Through the review of existing relevant studies, it can be seen that scholars have conducted many beneficial studies on the measurement of agricultural low-carbon efficiency, spatio-temporal heterogeneity, and the impact of urbanization on agricultural low-carbon efficiency, which is of reference significance to this paper. However, there are still the following deficiencies: First, in terms of the measurement of agricultural low-carbon efficiency, most studies only use the total output value of agriculture, forestry, animal husbandry and fishery as the expected output to build the index system. However, since agriculture has the double effect of carbon emission and carbon sink, crops will also absorb a large amount of carbon dioxide through photosynthesis during their growth process, this paper adds the agricultural carbon sink index as the expected output on this basis. Make the measurement of low-carbon efficiency of agriculture more accurate; Second, most of the current studies on agricultural low-carbon efficiency focus on the national and provincial (city) level, with 31 provinces and regions as the research objects. Few scholars have conducted studies on geographical units such as river basins with more consistent internal characteristics and agricultural production conditions, and there are relatively few studies on agricultural low-carbon efficiency around the Yellow River Basin. Third, existing studies mainly focus on the impact of urbanization on carbon emissions, and few studies on the impact of urbanization on low-carbon agricultural efficiency. In addition, there are positive promoting effects, negative inhibiting effects and nonlinear effects in the research conclusions, which are quite different and need to be further explored.
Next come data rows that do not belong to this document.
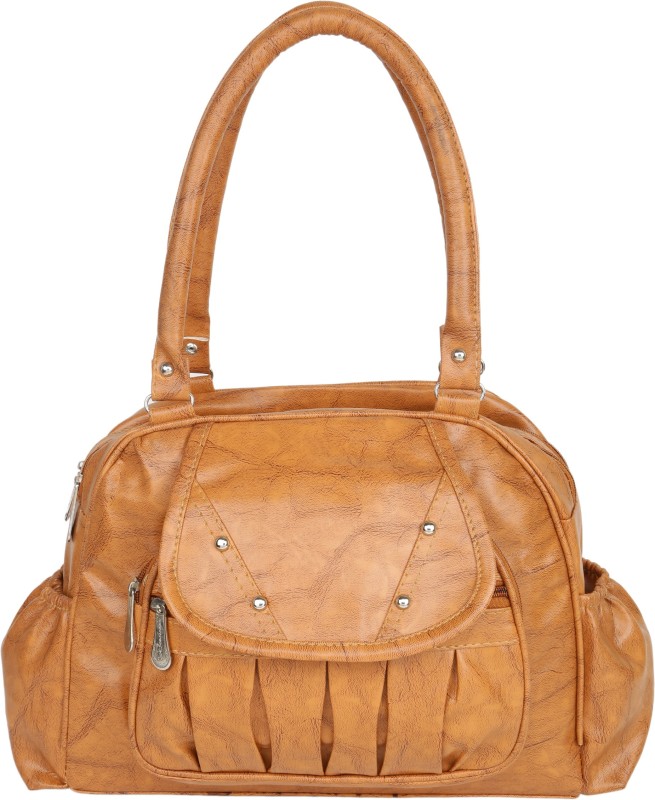 Women Tan Shoulder Bag Price in India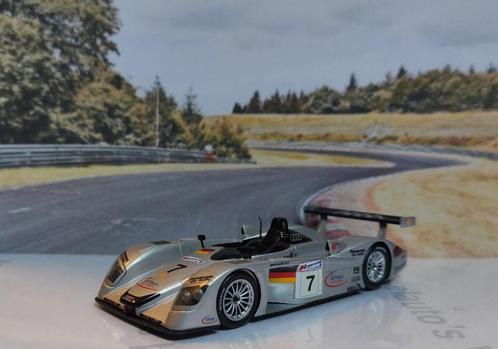 1:43 Audi R8 Roadster #7 Le Mans 2000; Minichamps: 430000907, Hobby en Vrije tijd, Modelauto's | 1:43, Zo goed als nieuw, Auto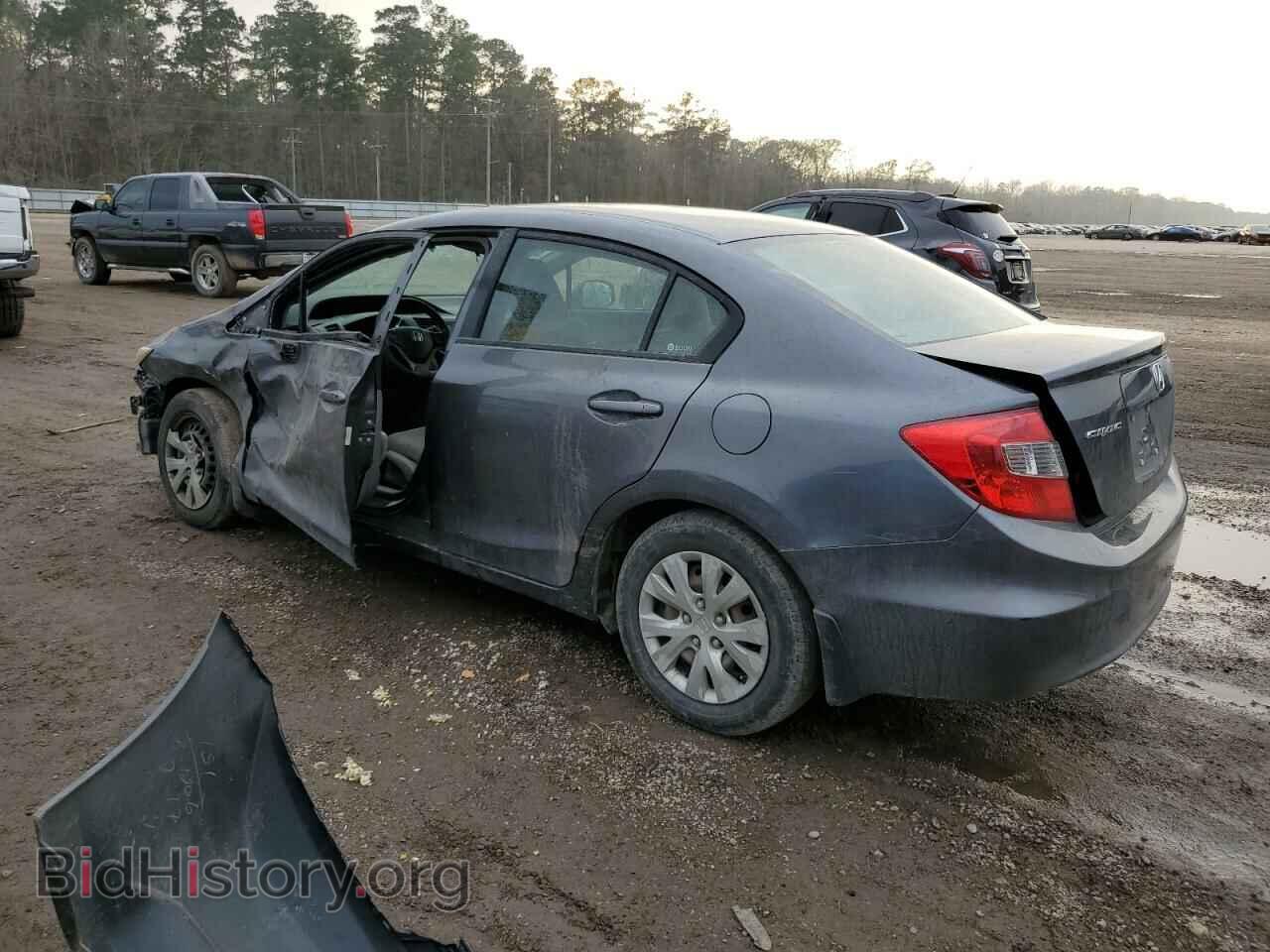 2012 HONDA CIVIC - VIN: 19XFB2F58CE026327 - Фото 2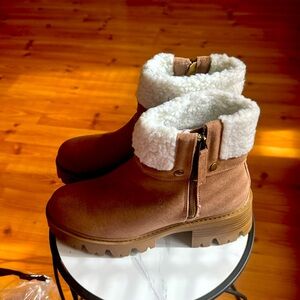 Brand new just fabulous ankle boots.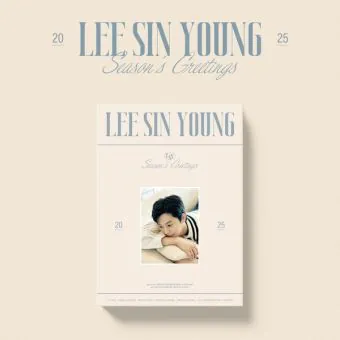 البوم اصلي LEE SIN YOUNG 2025 SEASONS GREETINGS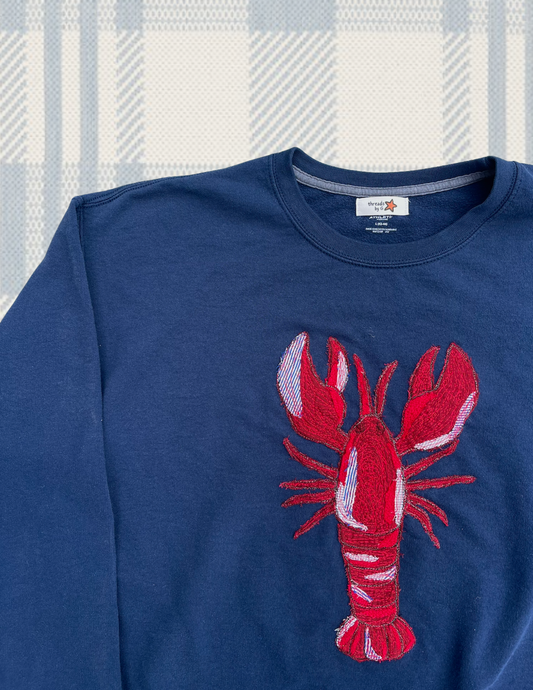 Lobster Patchwork Crew (L)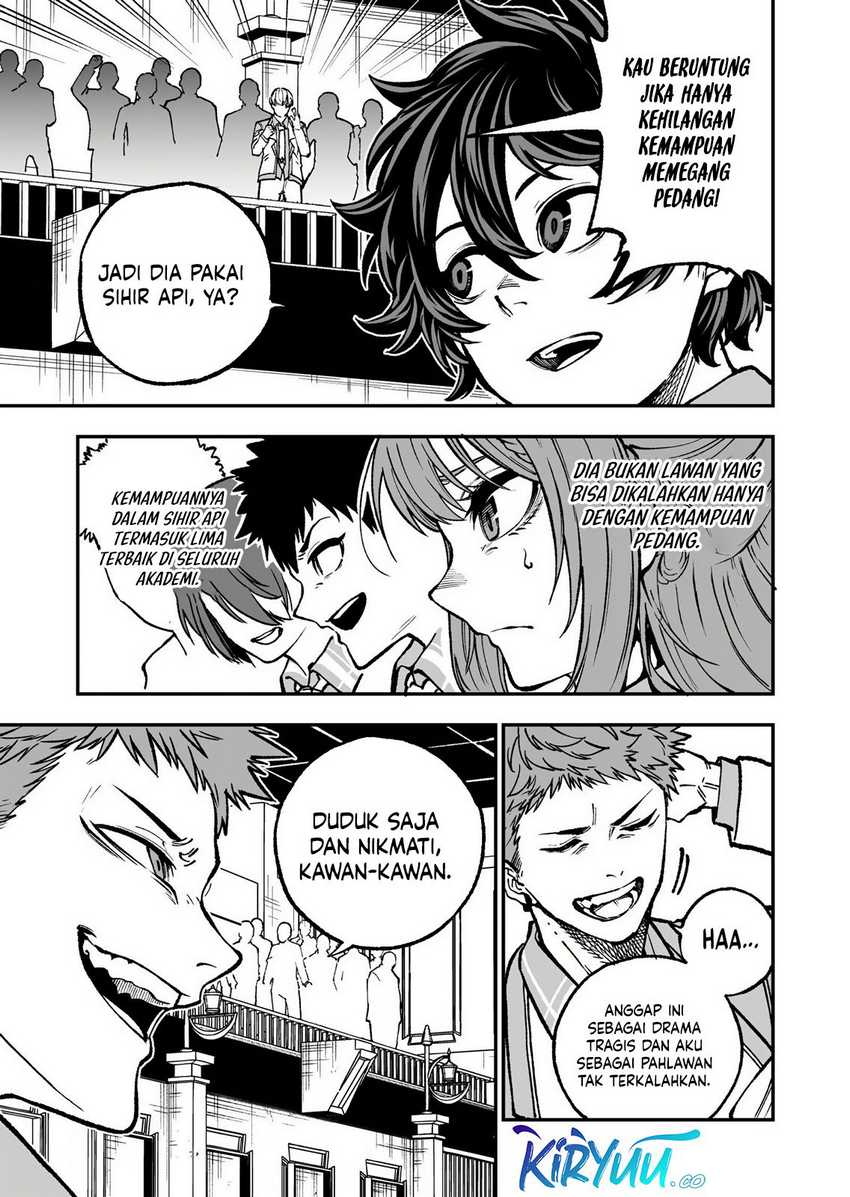 Umarekawatta Kensei, Kenshi ga Reiguu sareru Majutsu Shijou Shugi no Gakuen de Musou suru Chapter 3 Gambar 7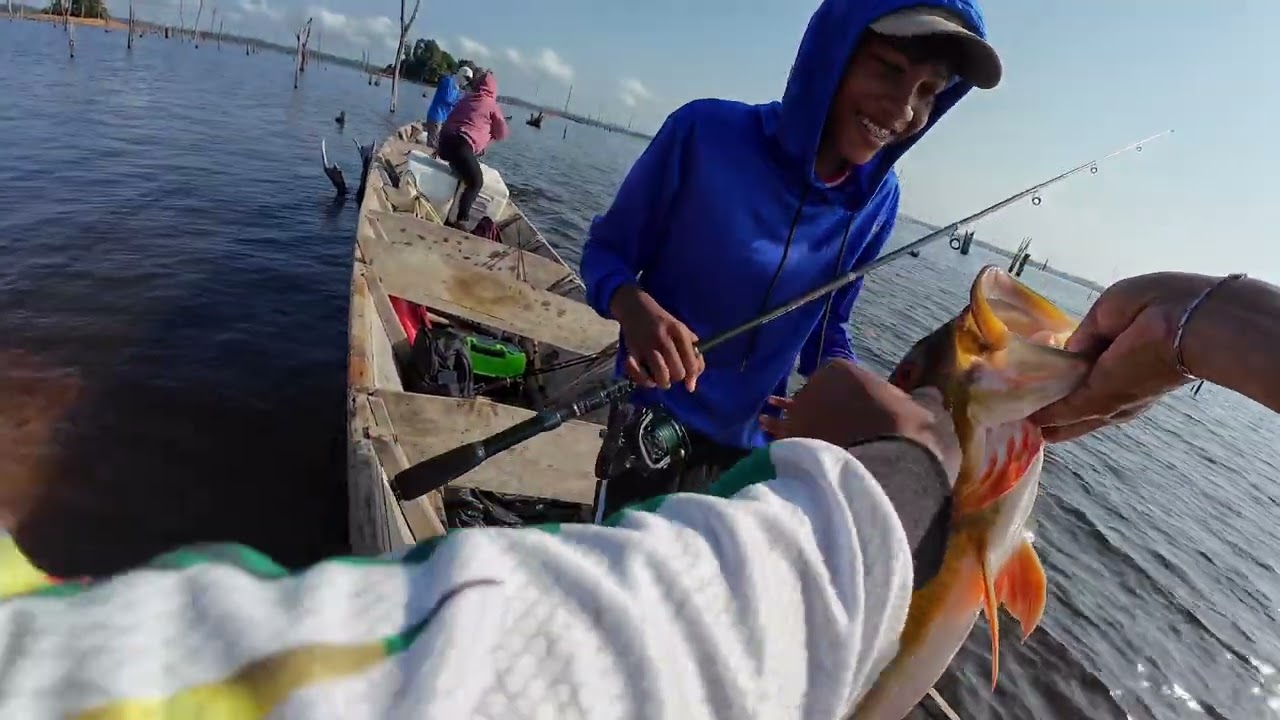 Badslipper and Tucunare Fishing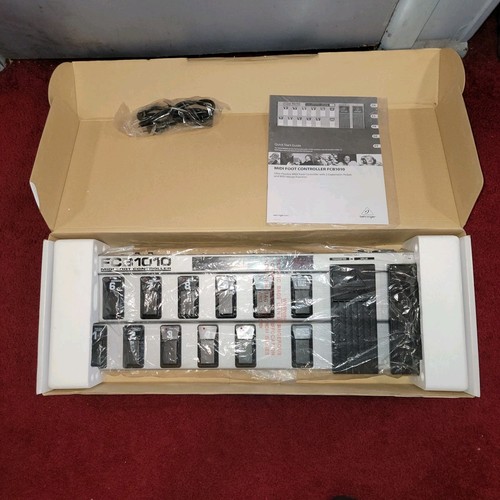 Behringer fcb1010 midi - fcb1010,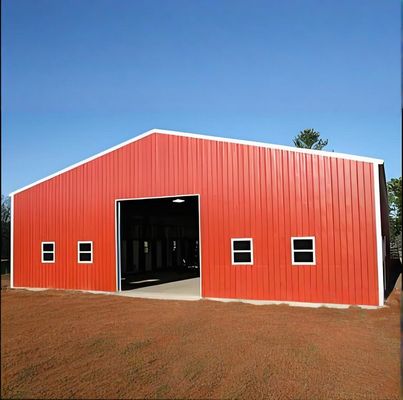 Quality  Industrial Prefab Metal Building Construction Q235 Q345 Steel Structure Factory Building factory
Based on this, this paper uses the panel data of 75 cities in the Yellow River Basin from 2000 to 2020, uses super-DEA model to measure agricultural low-carbon efficiency, and establishes three-dimensional kernel density model and Markov chain model to analyze the spatio-temporal evolution characteristics of agricultural low-carbon efficiency in the Yellow River Basin. The panel Tobit model was used to explore the relationship between urbanization and agricultural low-carbon efficiency, in order to provide references for promoting the improvement of agricultural low-carbon efficiency and promoting high-quality agricultural development in the Yellow River Basin.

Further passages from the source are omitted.